* DATA LISTING:
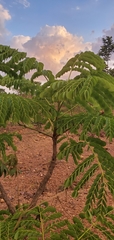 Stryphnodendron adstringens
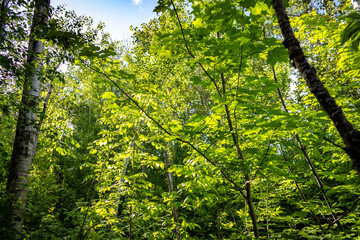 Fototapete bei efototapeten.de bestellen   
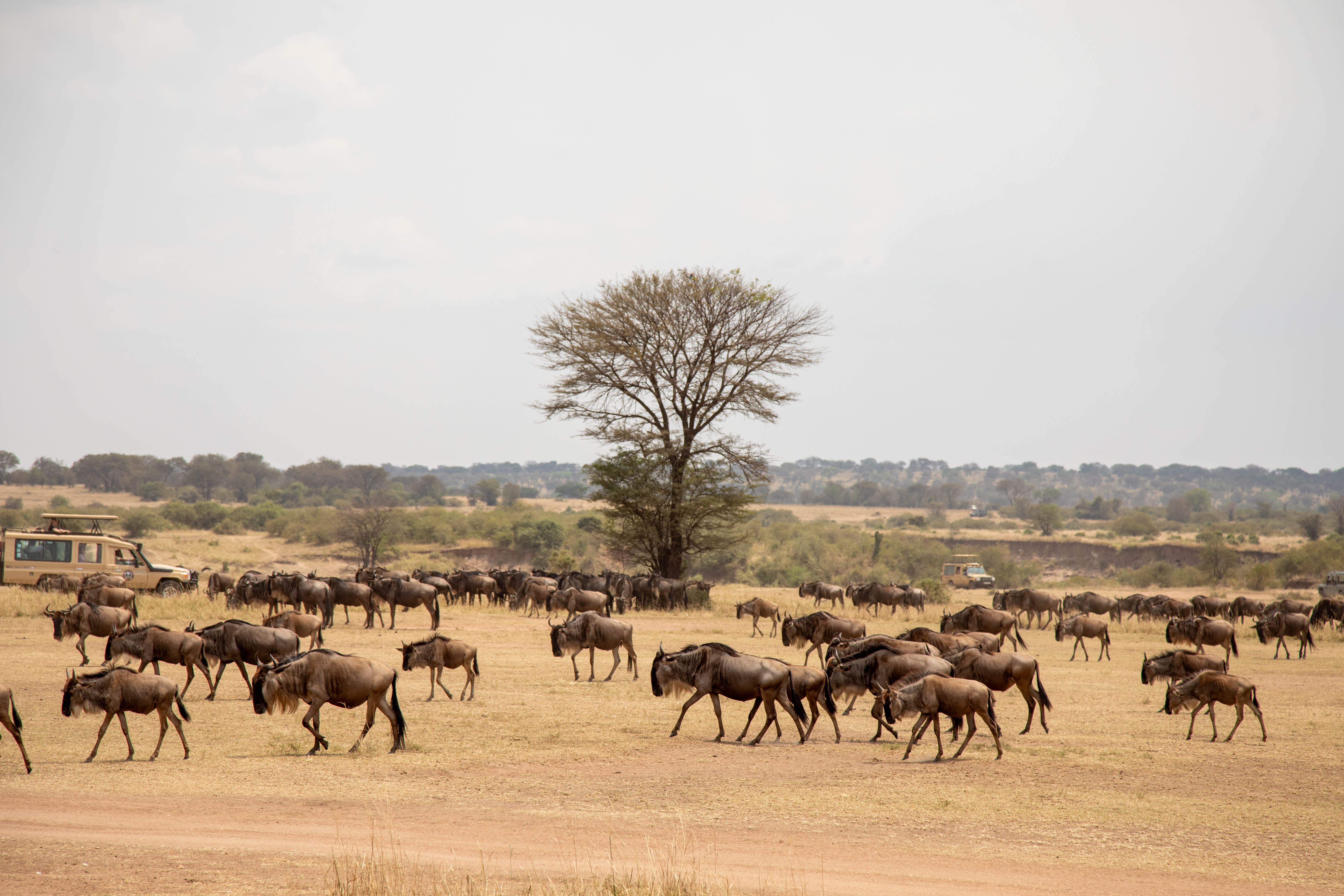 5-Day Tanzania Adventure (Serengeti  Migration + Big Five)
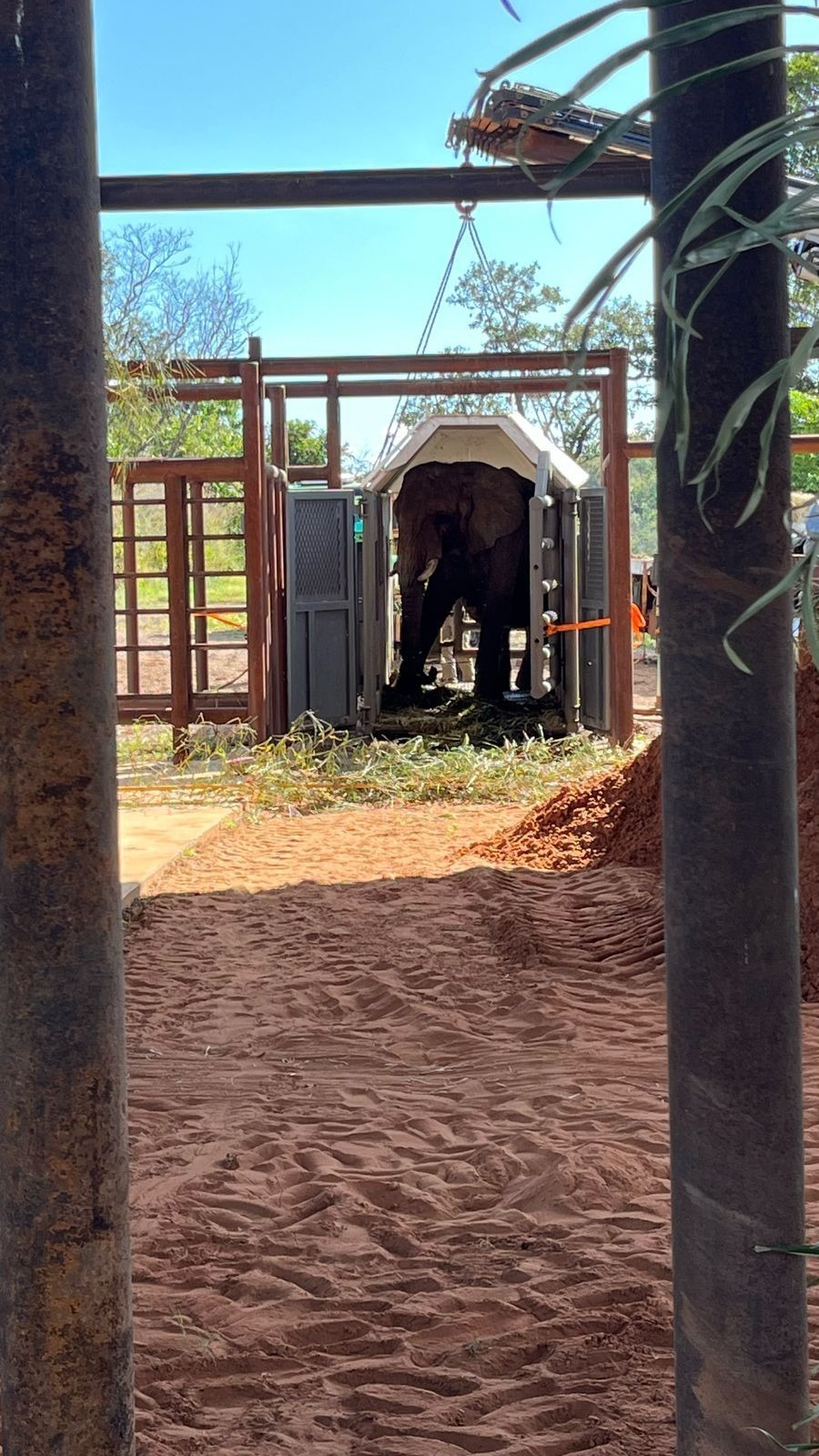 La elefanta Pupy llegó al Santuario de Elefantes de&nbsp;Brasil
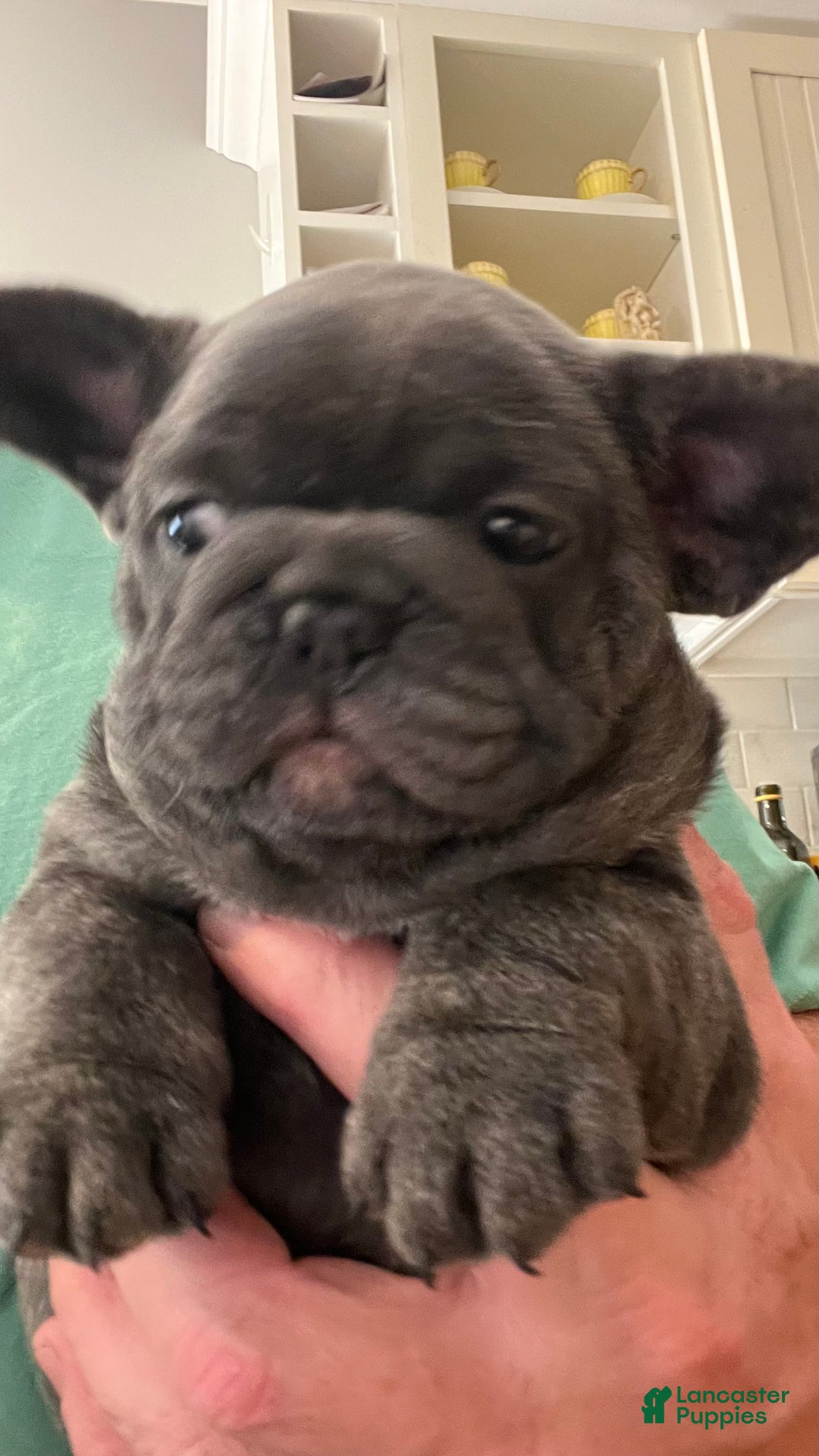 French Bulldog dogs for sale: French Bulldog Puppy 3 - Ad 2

* EXERCISE INSTRUCTIONS: The whole of the data needs to be copied word for word, though not its pictures.

* RESPONSE BOX:
 Stryphnodendron adstringens
 Fototapete bei efototapeten.de bestellen   
 5-Day Tanzania Adventure (Serengeti  Migration + Big Five)
 La elefanta Pupy llegó al Santuario de Elefantes de&nbsp;Brasil
 French Bulldog dogs for sale: French Bulldog Puppy 3 - Ad 2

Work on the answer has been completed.